いずれにせよ、稼ぎ時というわけだから、12月31日と1月1日だけはノンビリと家でゴロゴロしていたものの、それ以外はゴロゴロしながらも仕事をした。
ホントは2日も3日も、頑張れば4日も5日もゴロゴロとしていられたのだ。
だが、ただ単にゴロゴロするのに飽きてしまったから、稼ぎ時なのをいいことにゴロゴロしながらついつい仕事をしてしまった。
ジッとしていられない性質の人はよくいるが、オレはジッとしていることはできるが、ただゴロゴロとはしていられない性質だ。
ゴロゴロしながら仕事をしたり、ゴロゴロしながら掃除をしたり、洗濯したり、メシをつくったり、食ったりと、いろんなことをしてしまい落ち着きがない。


そうこうしているうちに、早くも7日になり、事務所に行って打ち合わせをしなければならなくなった。
ふつうの会社なら、いわゆる仕事始めには独特の高揚感があり、それはそれで疲れるのだろう。

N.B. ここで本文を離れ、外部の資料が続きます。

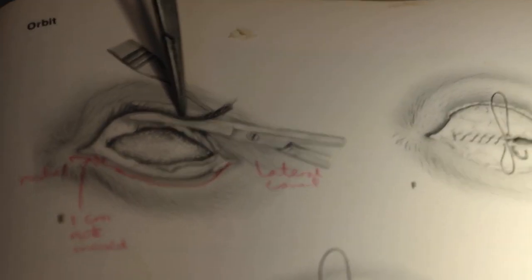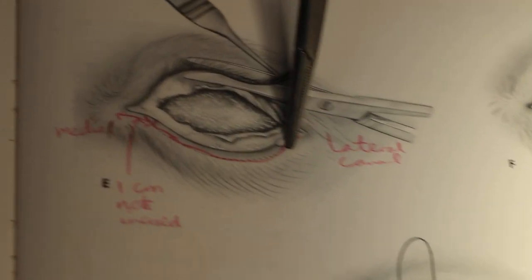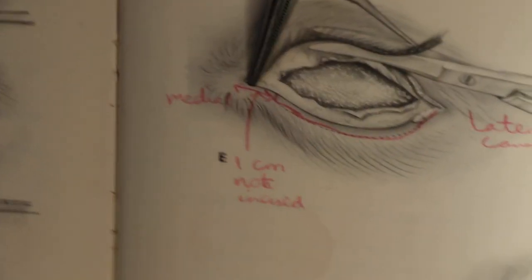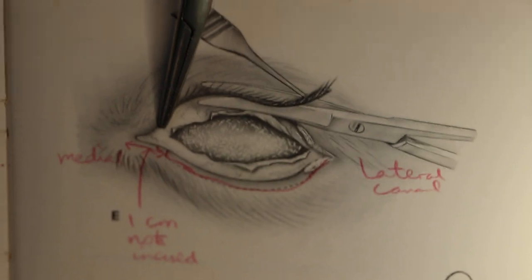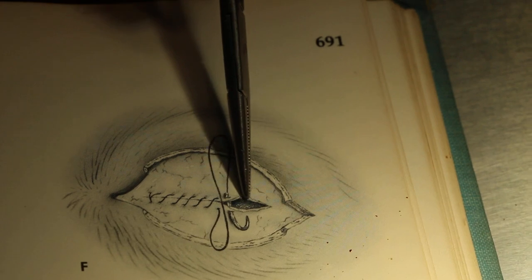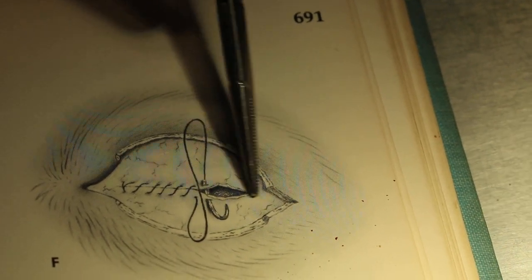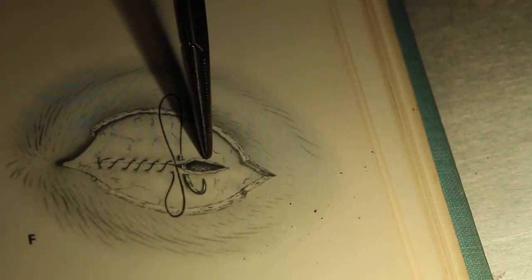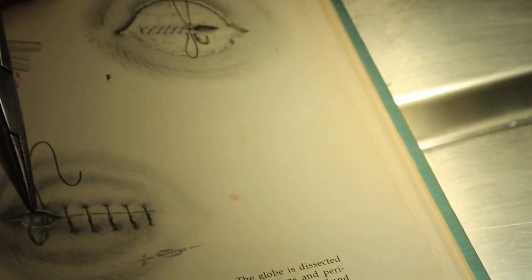From the lateral canthotomy side, I use scissors to cut the eyelid margins below the eyelashes — two strips — but stop about one centimeter from the medial canthus, meaning you don't cut all the way to the medial canthus. Then the next step is to suture the lid margins that have been removed. I suture the inside conjunctiva first, and then finally suture the eyelid margins.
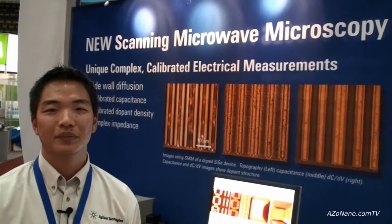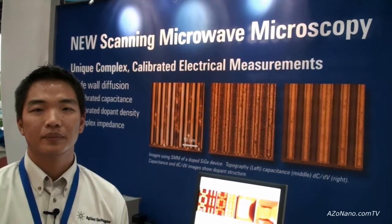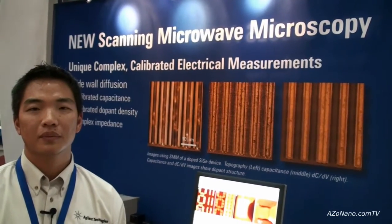This is Cameron Chai from azonano.com, speaking to Gil Min from Agilent Technologies, who is going to tell us about their new scanning microwave microscopy system.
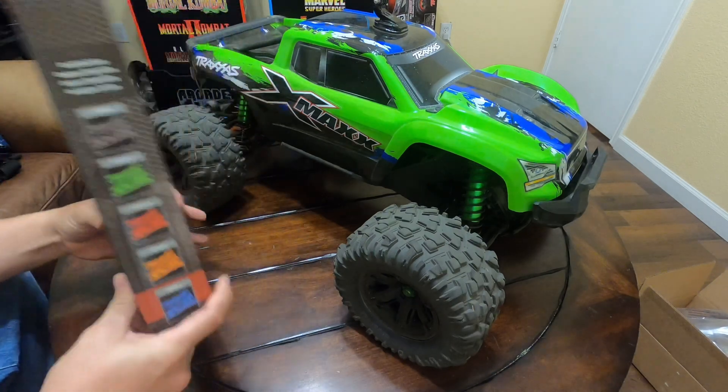I took the time to clean the truck up while we had it apart, and I suggest that if you guys install the wide kit on the X-Maxx, you do the same thing — use that time to clean your shocks and clean your truck up. Mine was pretty dirty.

その点、うちの事務所はみんながみんな隙間狙いの人々だから、盆だろうと正月だろうといつもと変らぬテンションの低さを保っていて気が楽である。
それでも、新年最初の出勤日には、あいさつ代わりに冒頭のような常套句を交わす。
隙間狙いのくせにずいぶんふつうのことをすると、いささか奇妙な印象を抱かないわけではない。
しかし考えてみると、たとえば単独行動が多い空き巣狙いの方々にとっては、新年のあいさつなど交わす機会がないかもしれず、そこが隙間狙いと空き巣狙いを分かつ大きな分岐点となる可能性もある。
正月早々あいさつの大切さを痛感させられたが、とはいえたかがあいさつであり、大同小異であることには変りはないだろう。